The results from an Oxford University study published earlier this year found that those who participate in individual‐level interventions have the same levels of mental wellbeing as those who do not. The researcher behind the study said that companies should focus on improving the work more than on improving the worker.
William J. Fleming, Ph.D., Unilever Research Fellow at the Wellbeing Research Centre, said that narrowly focused interventions were not helping to alleviate the stress caused by demands placed on workers.
“When there’s an imbalance [between your capacities and what’s expected of you], that’s when your wellbeing declines,” Fleming said in an interview with FM. “These initiatives are being offered as token suggestions or sticking plaster solutions … but it’s not providing … appropriate resources to help people cope with the challenges that people experience at work.”

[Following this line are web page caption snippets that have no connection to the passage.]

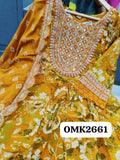 Helena , Yellow Three Piece Digital Designer Print Full Sleeve Pure Organza Full Flair Anarkali Kurti Set -AFREE001YK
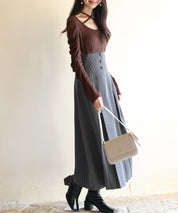 カットソートップスと柄物スカートがドッキングしたワンピースsdp0175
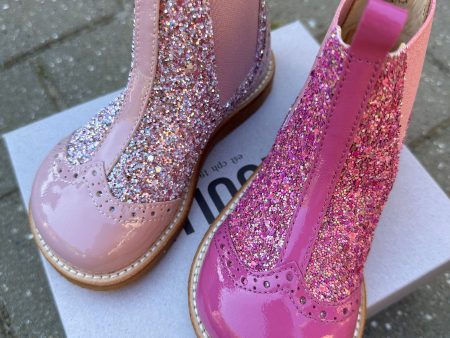 Angulus - Chelsea støvle med glitter og brogues detaljer - 3283 3294 037 Mauve Mauve Glitter Online Sale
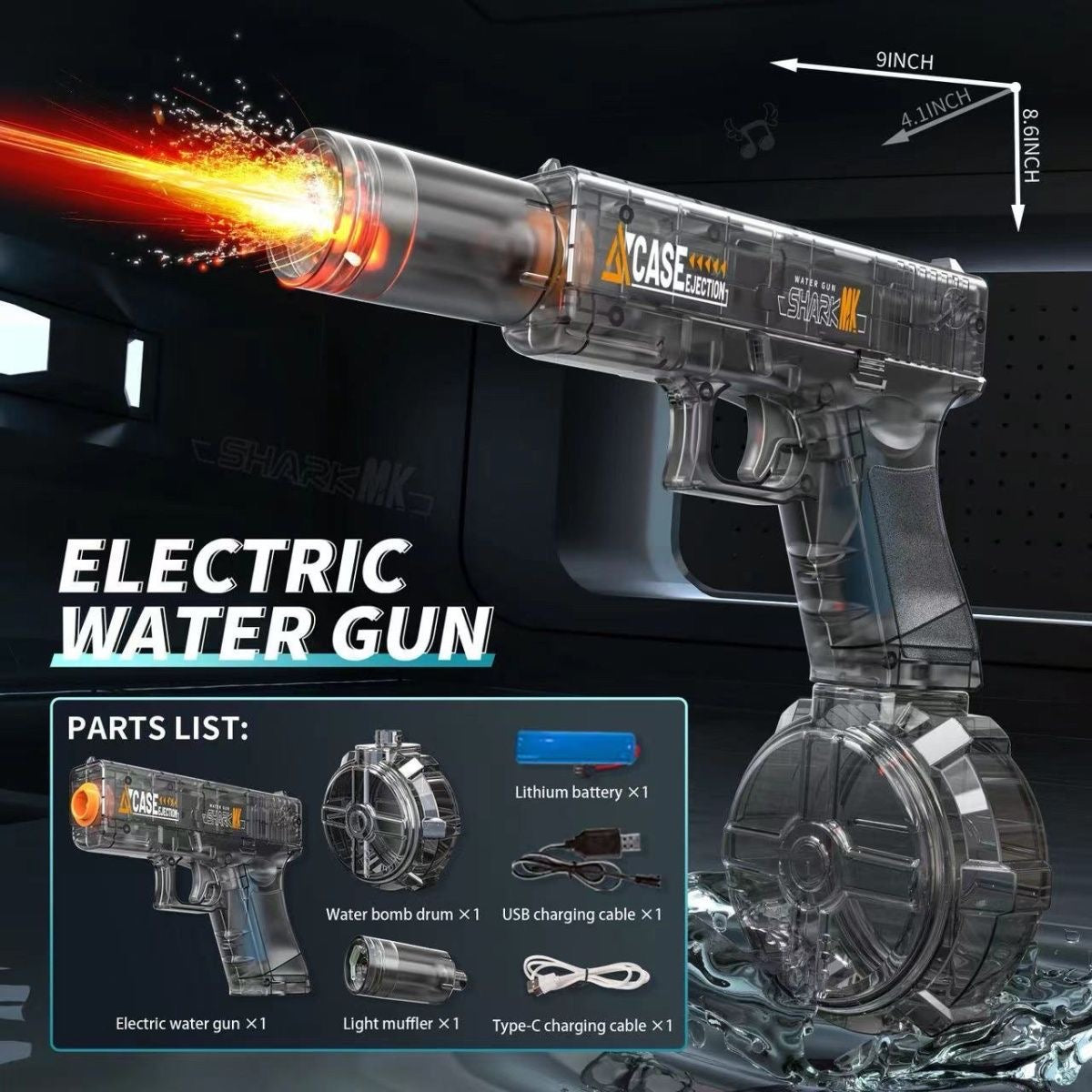 Tactical Electric Water Gun, G18  Shark MK Styles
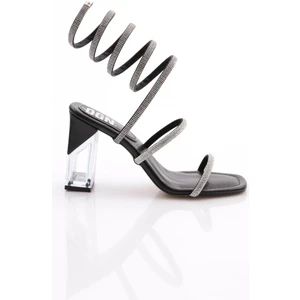 Dgn 2024 Kadın Ipli Bileği Saran Topuklu Abiye Ayakkabı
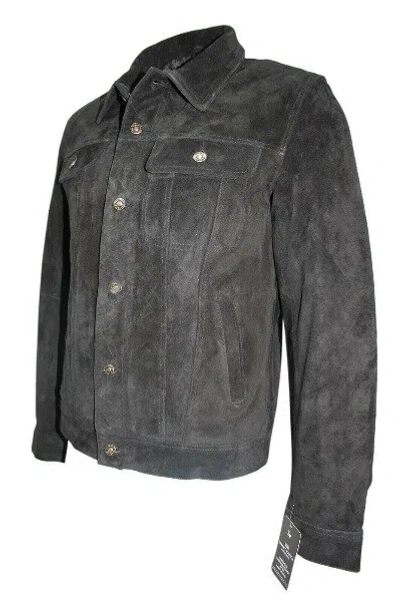 F$L NEU HERREN SCHAFSFELL WILDLEDER JACKE GRAU HANDGEFERTIGT PARTYKLEIDUNG -MS060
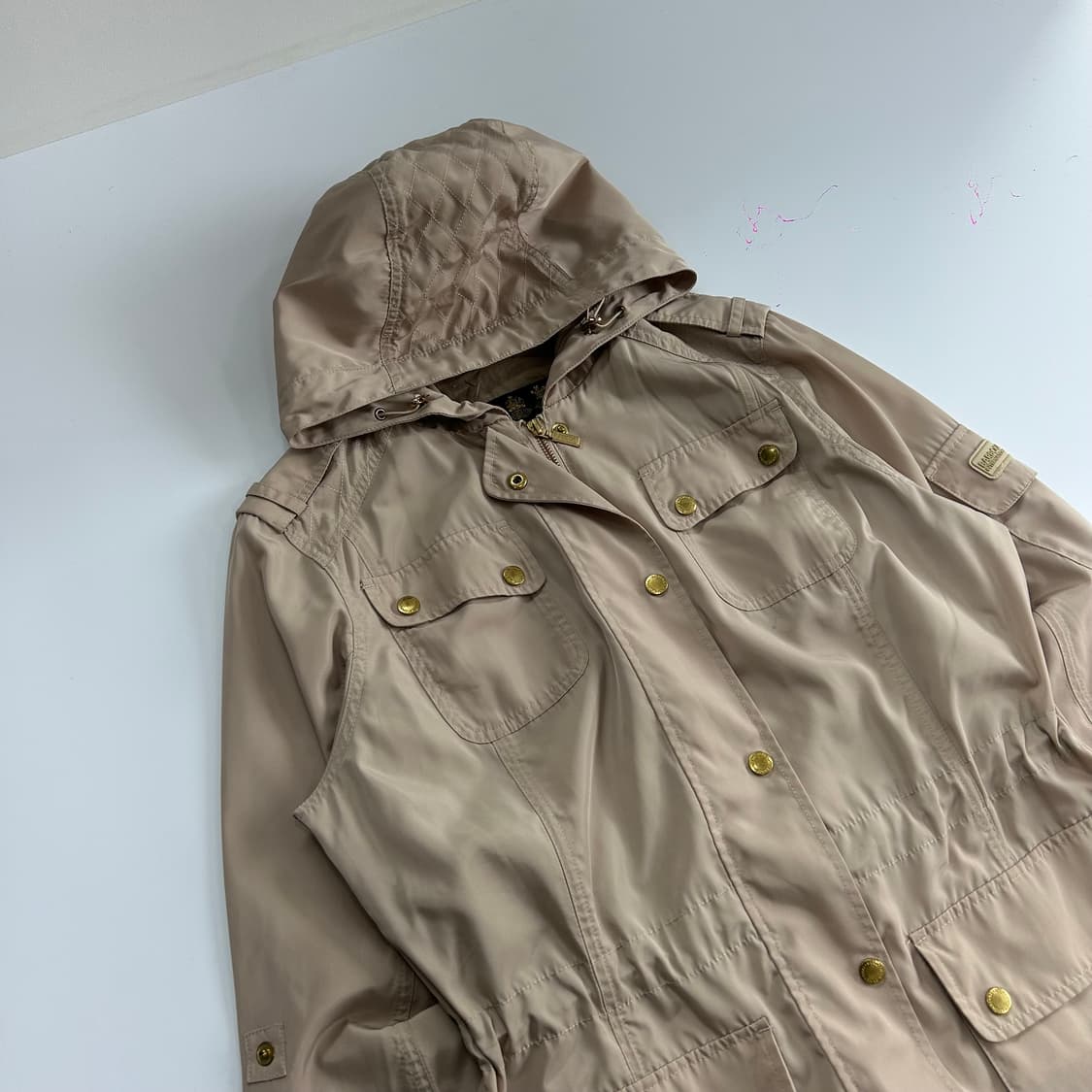 Barbour 바버 베이지 아노락 롱 자켓 상품이미지4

The results pose a challenge to the popularity and legitimacy of individual‐level mental wellbeing interventions like mindfulness, resilience, and stress management, the study said.
“I think that the best recommendations that are out there do say that we need to improve jobs first and then individual sessions are just the cherry on top,” Fleming said.
However, for larger companies it is often an easier, less costly solution to invest in individual-level wellness programmes than to make changes to their organisational culture, he said.
Organisational change, according to the research, is a more effective way to improve employee wellbeing. These changes can include a focus on scheduling, management practices, staff resources, performance reviews, and job design.
“More emphasis must be placed on the greater benefits of organisational rather than individual change, as well as on the importance of high‐quality intervention implementation,” the study said.
Participation in many individually focused programmes is very low, Fleming said — in general, less than 10% of the workforce opts in to such initiatives.
“I think this shows that these initiatives are not appealing to workers and it’s not actually meeting what they want,” Fleming said. “All the stuff that you think intuitively makes a good job is actually what makes it a good job. People need jobs that pay well, have good direction, that have some sense of social meaning, [with] supportive colleagues and respectful managers.”